I recall my mother telling me that when I was younger and made an error on a homework assignment, I would tear the whole thing up and start all over again.
Yes, I
Today I find myself caught up in the same drive for perfection. I want to be the perfect daughter, perfect worshipper, perfect girlfriend, perfect sister, perfect employee, neighbor, dog owner, etc. I grow disheartened when I am forced to face correction, and even more so when it means that I have made a lasting mistake.
I fear disappointment. I fear being a disappointment to others. (Remember that lie I carry around.)

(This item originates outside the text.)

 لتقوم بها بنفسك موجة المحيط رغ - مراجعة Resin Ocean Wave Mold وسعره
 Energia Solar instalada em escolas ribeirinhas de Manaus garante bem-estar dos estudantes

But as I focus on the perfect outcome, I lose perspective. My efforts don't approach glorifying God. Instead I try to control everything in my own power. I take the place of God. I don't trust that He'll do it right, or that He'll forgive me when I mess up. Nope. I want to avoid the whole mess of error and correction. But if I do that, I am stagnant.
Every parent knows that if a child is left up to his or her own devices, he or she would be a feral creature. Parenting requires exercising discipline to ensure children develop into functioning adults. Well, the same with my heavenly Father I'm finding. I make mistakes and his gentle, guiding hand disciplines me. I do not have to fear that. It means he loves me! And considers me His own.
So, I can chill. And live life - full of the risks described by poet William Arthur Ward. God is with me. He is with me.